A novel means to prevent HIV infection was developed at UNMC that could allow people with or at risk of acquiring the virus to take medicines once a year. The advance has the potential to eliminate complications that arise from missing doses of life-saving medicines, according to the study published Monday in “Nature Materials,” a leading peer-reviewed biomedical research journal.
The research team led by Benson Edagwa, Ph.D., assistant professor, UNMC Department of Pharmacology and Experimental Neuroscience, and Howard Gendelman, M.D., chairman and professor of the department, developed the world’s first potential yearlong antiretroviral (ARV) for prevention of HIV infection by converting a month-long ARV drug into a once-per-year therapeutic.
“This pharmaceutical development has the potential to not only treat but also prevent viral transmission,” said Dr. Gendelman, who designed the pharmacological testing. “This may certainly be a therapeutic milestone.”
The study describes what could function as a vaccine mimetic to protect the body against HIV infection for an extended time period.
“While viral vaccines and long-acting modified ARVs have very different modes of action, they can both function to protect against infection,” Dr. Gendelman said.
Currently, individuals with HIV must take their medicine daily to control the disease. If proven safe and effective in clinical studies, the UNMC treatment would allow people with HIV to receive an injectable medicine once yearly.
The innovations now in development could prevent HIV transmission in individuals vulnerable to infection. Although existing ARV regimens allow individuals with HIV to live with minimal health complications and prevent HIV transmission to sexual partners, the risk of missing daily treatment is a major health care concern. Missing daily doses of ART can cause the virus to rebound and cause associated comorbidities.
Drs. Edagwa and Gendelman credited a large team of scientists within the department for work on the project, including instructor Aditya Bade, Ph.D., and graduate student Tanmay Kulkarni.
The scientists created a year-long-acting medicine from the parent drug cabotegravir (CAB). CAB is a potent HIV-1 drug that blocks the virus from inserting its genetic material into human cells. By chemically converting CAB into a nanocrystal and allowing the body’s own enzymes to slowly convert the modified drug into an active form, the drug can be slowly released from tissue stores.
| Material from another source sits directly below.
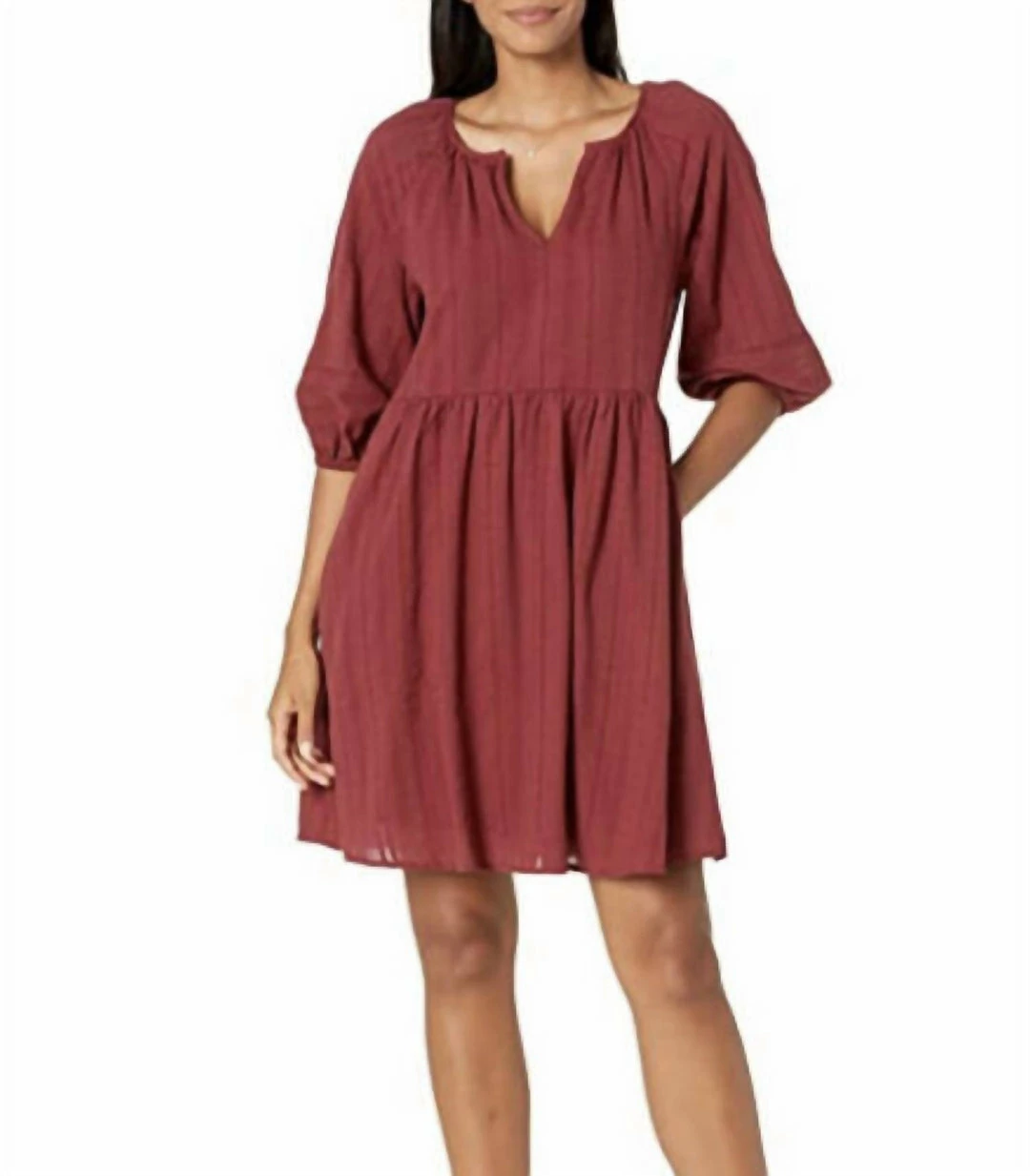 Best Sale β London Times π© women Jodi π Dress in Wine β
“This occurs for extended time periods, and in laboratory and animal testing, up to a year,” said Dr. Edagwa, who designed and produced the required modifications of the new prodrug. A prodrug is a classification of pharmaceutical products where an inert compound is converted into an active form by the body.
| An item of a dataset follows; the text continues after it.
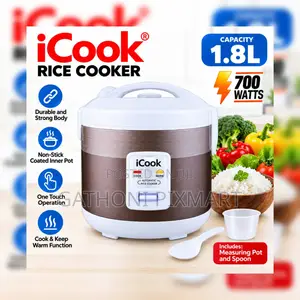 iCook 1.8L Automatic Rice Cooker – 700W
The UNMC team developed its ARV treatment by modifying the molecular structure of prodrugs produced and engineered in laboratories on the UNMC campus and tested in mice and non-human primates. Human testing has not yet begun, but the development necessary to achieve this goal is ongoing with the assistance of scientists from the Clinton Health Access Initiative (CHAI). Paul L. Domanico, Tai-Yuen Yue and Gary Moore of CHAI are co-authors on the “Nature Materials” paper and are actively engaged with UNMC scientists to facilitate transitioning from animal to human testing.
Current active research in drug properties, administration and potential toxicities are now underway and required before the vaccine mimetic could obtain U.S. Food and Drug Administration approval to eventually enter the market. To date, no adverse side effects have been demonstrated in any of the animal testing models.
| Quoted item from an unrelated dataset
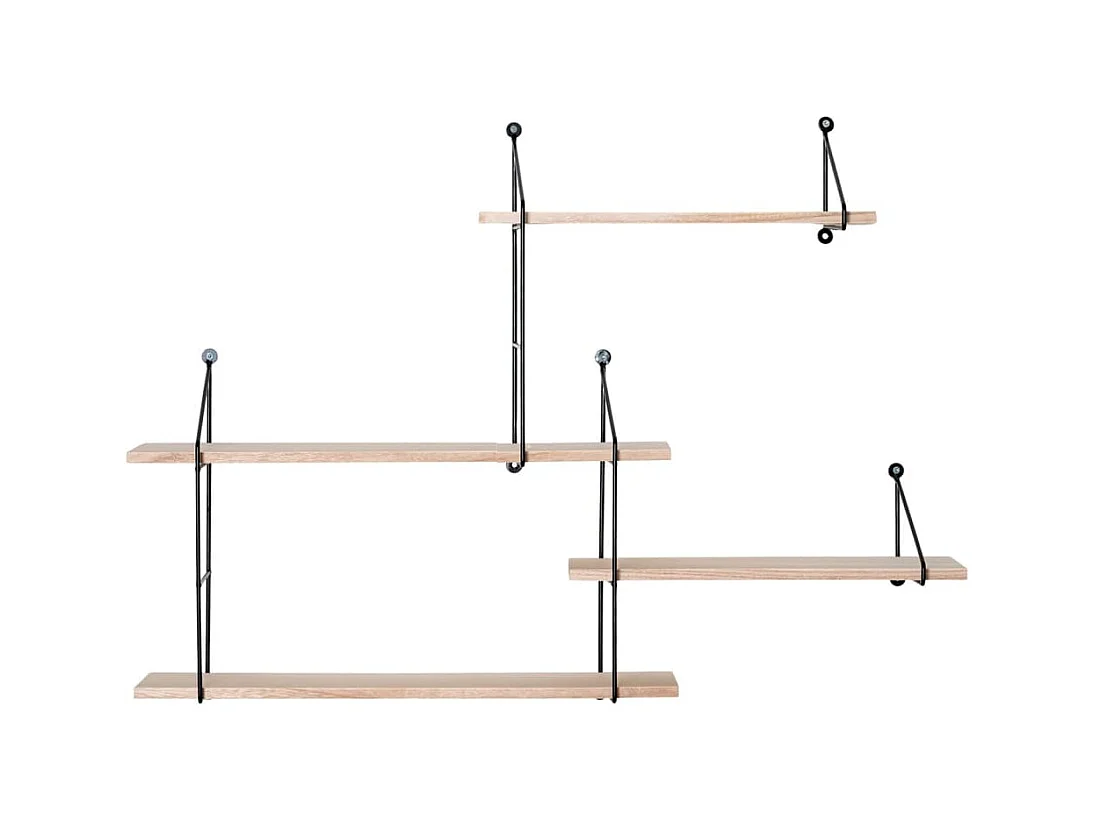 Étagère Lucy Noir et naturel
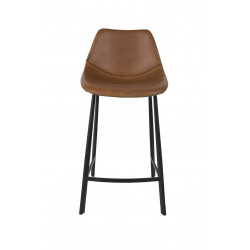 Tabouret vintage Franky simili cuir dutchbone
CAB was originally developed by ViiV Healthcare, a pharmaceutical subsidiary of GlaxoSmithKline that specializes in the development of therapies for HIV infection. The prodrug nanocrystal approach invented by Drs. Edagwa and Gendelman enhanced the prior version of the medicine.
“Partnerships and collaborations will take what we did in the Nebraska Nanomedicine Production Plant (NNPP) and develop the drug for potential use by HIV patients and those vulnerable to infection,” said Dr. Gendelman, who also serves as interim director of the NNPP, a resource that provides support for product research, development and manufacturing of nanoformulated drugs.
The drug reformulation is an important avenue for advancing the science-based treatment of maladies that range from HIV to other viral outbreaks, potentially including COVID-19, Dr. Gendelman said.
Other UNMC contributors to the “Nature Materials” report include: Brady Sillman Ph.D, Bhagya Laxmi Dyavar Shetty, Melinda S. Wojtkiewicz, Nagsen Gautam Ph.D., James R. Hilaire, Ph.D., Sruthi Sravanam, Adam Szlachetka, Benjamin G. Lamberty Brenda M. Morsey, Howard S. Fox, M.D., Ph.D., Yazen Alnouti, Ph.D., JoEllyn M. McMillan, Ph.D., R. Lee Mosley, Ph.D., and Jane Meza, Ph.D.